Jornal da Cidade - A aviação civil e o mundo não são mais os mesmos depois dos atentados terroristas de Nova York e Washington. Qual é o futuro da aviação civil depois do trágico dia 11 de setembro?Ozires Silva - Isso surpreendeu a todos nós. A violência não tem limites. Mentes doentias podem produzir coisas dessa natureza. É difícil compreender como pessoas podem matar tanta gente sem conhecer, sem saber quem são. Em particular, a área da aviação foi o grande alvo. Um pacífico avião comercial transportando pessoas se transformou numa arma usada por pessoas dominadas pelo fanatismo. O impacto será muito grande. O transporte aéreo é algo que veio ao mundo para ficar. Pode variar o avião, pode variar a companhia, pode variar as pessoas, mas o transporte aéreo será absolutamente requerido no futuro. E só espero que consigamos superar os problemas todos que isso causou, dentre os quais o receio dos passageiros, da insegurança, dos aumentos de custos, das críticas que foram levantadas. Acho que vamos precisar de muita compreensão de todos.

JC - O senhor está na aviação há 53 anos. Na sua opinião, os terroristas que assumiram o controle dos quatro aviões envolvidos no atentado do último dia 11 foram bem treinados?Ozires - Bem treinados não precisa. Mas, eu diria treinados e familiarizados com avião. Quanto a isso não há a menor dúvida. Treinados, inclusive, com assessoria de pessoal que entende de aerodinâmica. Fazer uma colisão de propósito com um avião envolve certos conhecimentos aerodinâmicos que os pilotos, em geral, não tem. No avião, no fundo, a única coisa que a gente tem que fazer é conhecer os seus sistemas e o resto é pé e mão. E pé e mão a gente aprende em Paulistinha (modelo de avião), em aviões menores.

JC - O usuário de avião, de um modo geral, ficou receoso de utilizar o transporte áereo depois dos atentados. No senhor, particularmente, que passa boa parte do tempo nos céus do Brasil e do mundo, qual foi a sensação ao pisar num avião após os atentados. Foi de medo?Ozires - Absolutamente não. Dentre todos os meios de transportes disponíveis no mundo o avião é o mais seguro e só perde para o elevador. Eu acho que as pessoas deviam fazer o sinal da cruz não só ao entrar no avião, mas quando entram num automóvel, num ônibus, antes de pilotar uma motocicleta, onde o próprio condutor é o paralama. As pessoas não devem ter medo. A aviação civil é um trabalho extraordinário. Acho que essa segurança do avião, hoje, é um tributo à capacidade humana de criar produtos confiáveis. É tão raro um acidente de avião que quando ocorre um lá na Indochina dá manchete de jornal em Bauru.

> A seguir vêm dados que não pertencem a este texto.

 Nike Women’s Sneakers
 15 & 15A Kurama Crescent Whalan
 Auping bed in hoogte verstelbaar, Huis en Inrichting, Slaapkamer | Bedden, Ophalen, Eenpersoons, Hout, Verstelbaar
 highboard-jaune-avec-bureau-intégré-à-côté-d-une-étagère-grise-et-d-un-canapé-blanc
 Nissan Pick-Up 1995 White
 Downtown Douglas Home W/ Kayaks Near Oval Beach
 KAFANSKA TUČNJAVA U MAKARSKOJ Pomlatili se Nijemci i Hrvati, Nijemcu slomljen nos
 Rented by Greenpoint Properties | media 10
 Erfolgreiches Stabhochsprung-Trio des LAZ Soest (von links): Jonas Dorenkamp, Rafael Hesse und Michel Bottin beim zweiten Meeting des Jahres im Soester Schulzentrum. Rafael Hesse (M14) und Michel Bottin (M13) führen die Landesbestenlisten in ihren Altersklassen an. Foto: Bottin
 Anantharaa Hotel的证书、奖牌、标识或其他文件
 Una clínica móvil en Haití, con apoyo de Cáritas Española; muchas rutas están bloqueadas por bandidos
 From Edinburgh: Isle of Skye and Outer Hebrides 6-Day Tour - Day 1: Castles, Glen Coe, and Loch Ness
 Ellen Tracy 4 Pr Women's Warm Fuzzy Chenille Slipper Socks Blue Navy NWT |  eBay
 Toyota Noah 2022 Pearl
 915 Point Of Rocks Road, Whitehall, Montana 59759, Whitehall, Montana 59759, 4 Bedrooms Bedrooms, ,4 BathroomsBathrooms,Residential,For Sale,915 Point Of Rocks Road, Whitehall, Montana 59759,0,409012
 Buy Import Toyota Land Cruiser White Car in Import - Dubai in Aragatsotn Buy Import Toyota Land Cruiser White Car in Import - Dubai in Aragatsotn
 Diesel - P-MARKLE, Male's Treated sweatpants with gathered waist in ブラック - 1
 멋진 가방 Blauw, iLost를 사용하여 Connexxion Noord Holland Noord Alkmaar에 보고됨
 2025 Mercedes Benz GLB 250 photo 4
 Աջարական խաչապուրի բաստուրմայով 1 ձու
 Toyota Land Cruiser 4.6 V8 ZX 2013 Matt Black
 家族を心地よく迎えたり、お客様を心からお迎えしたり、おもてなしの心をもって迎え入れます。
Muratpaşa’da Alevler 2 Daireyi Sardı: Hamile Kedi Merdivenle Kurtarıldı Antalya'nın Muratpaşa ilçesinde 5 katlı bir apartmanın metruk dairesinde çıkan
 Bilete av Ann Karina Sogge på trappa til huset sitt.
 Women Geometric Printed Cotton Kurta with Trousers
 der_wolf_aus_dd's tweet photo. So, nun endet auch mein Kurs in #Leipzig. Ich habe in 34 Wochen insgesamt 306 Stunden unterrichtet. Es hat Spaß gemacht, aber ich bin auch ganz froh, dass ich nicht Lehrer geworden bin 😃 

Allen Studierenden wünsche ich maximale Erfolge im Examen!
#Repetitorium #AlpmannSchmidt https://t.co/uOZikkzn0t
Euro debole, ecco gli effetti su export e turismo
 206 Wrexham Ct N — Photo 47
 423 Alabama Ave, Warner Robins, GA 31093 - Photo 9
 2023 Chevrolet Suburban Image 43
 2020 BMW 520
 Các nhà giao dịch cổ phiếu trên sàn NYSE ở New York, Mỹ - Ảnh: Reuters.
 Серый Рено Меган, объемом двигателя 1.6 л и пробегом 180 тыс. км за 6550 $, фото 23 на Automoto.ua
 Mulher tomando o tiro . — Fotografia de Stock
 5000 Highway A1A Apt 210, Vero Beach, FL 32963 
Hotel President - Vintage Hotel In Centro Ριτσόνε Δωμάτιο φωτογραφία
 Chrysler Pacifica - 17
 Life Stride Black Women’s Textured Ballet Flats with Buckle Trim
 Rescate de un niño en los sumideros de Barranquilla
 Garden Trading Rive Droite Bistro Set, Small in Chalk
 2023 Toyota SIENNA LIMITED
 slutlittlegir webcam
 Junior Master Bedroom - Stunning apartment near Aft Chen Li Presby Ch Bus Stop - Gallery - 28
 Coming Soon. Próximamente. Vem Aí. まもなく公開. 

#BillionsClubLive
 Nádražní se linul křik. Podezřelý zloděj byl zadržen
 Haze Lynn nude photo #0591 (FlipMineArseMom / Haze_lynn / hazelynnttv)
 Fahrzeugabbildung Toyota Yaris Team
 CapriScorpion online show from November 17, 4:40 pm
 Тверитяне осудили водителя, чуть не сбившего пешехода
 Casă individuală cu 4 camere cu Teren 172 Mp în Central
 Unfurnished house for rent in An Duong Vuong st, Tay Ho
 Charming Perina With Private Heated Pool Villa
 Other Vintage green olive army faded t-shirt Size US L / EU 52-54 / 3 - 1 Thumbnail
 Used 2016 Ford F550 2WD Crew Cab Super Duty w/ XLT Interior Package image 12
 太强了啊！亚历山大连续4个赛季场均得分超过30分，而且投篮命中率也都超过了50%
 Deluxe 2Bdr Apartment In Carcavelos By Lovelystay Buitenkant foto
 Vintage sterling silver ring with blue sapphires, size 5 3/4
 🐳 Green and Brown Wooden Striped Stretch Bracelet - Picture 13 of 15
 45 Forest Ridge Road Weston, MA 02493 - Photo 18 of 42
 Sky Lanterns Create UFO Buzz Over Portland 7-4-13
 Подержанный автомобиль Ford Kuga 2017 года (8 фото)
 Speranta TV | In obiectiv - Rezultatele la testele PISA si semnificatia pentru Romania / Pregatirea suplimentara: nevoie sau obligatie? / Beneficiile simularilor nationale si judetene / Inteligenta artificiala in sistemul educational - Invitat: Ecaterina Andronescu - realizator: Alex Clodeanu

JC - As companhias áereas já falam em pilotos armados, em blindagem de cabines. O senhor acha que essas medidas vão colaborar para aumentar a segurança dos vôos?Ozires - Eu creio que nada disso vai funcionar. Se eu fosse o piloto, qual seria meu comportamento ao saber que está havendo um massacre lá fora e estou preso na cabine blindada? As pessoas normais não reagem favoravelmente a isso. Eu diria que a coisa não pode ser feita com paranóia, mas com bastante racionalismo. Nós temos que tomar as medidas preventivas e operacionais necessárias.